Digamos ante todo que valor testimonial debemos asignar al libro de Garzón. Dice en más de una oportunidad el autor, que su trabajo de cronista le obliga a señalar los hechos y a callar los comentarios. Este precepto, sin duda uno de los que debe regir la obra del cronista, no lo cumple al pie de la letra y en más de una ocasión su obra parece apasionada, acentuada por un interés, acaso peligroso. Peligroso, porque hay una manera ingenua de mentir con documentos, que es no mostrarlos todos, ocultar los que no son concordantes con el principio sostenido. Garzón trabaja con documentos, pero sin crítica alguna. En la cuestión de Sobremonte la documentación es capciosa e intencionada, sin que esto reste cierta nobleza en la actitud del cronista; pero la nobleza, como todas las consideraciones éticas, poco tienen que hacer con la historia, como para otra suerte de actividades la preconizaba Maquiavelo. Esta circunstancia obliga a poner en tela de juicio la subsiguiente documentación. Pero es innegable que se trata de un cronista informado, ampliamente informado; Tras una breve comprobación documental en casos de gravedad, la información de Garzón puede aceptarse, y puede aceptarse el bloc de su crónica, la ordenación que significa, la visión que proporciona.

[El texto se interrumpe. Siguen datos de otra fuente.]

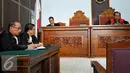Tim kuasa hukum Ilham Arief Sirajudin mendengarkan putusan hakim tunggal  Amat Khusairi dalam sidang praperadilan yang diajukan mantan Wali Kota Makassar Arief Sirajuddin di PN Jakarta Selatan, Kamis (9/7/2015). (Liputan6.com/Yoppy Renato)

Acaso haya más fallas de detalle que las apuntadas, pero no me parecen suficientes como para negar valor testimonial a esta obra. Opino en resumen que es un libro útil y de acertadas enseñanzas, que debe someterse sin embargo a control cuando se trata de un asunto concreto y de índole documental. Me atrevería a decir por ello que es precisamente Córdoba una provincia de que puede decirse que tiene, en gran parte de su desarrollo histórico, una verdadera crónica.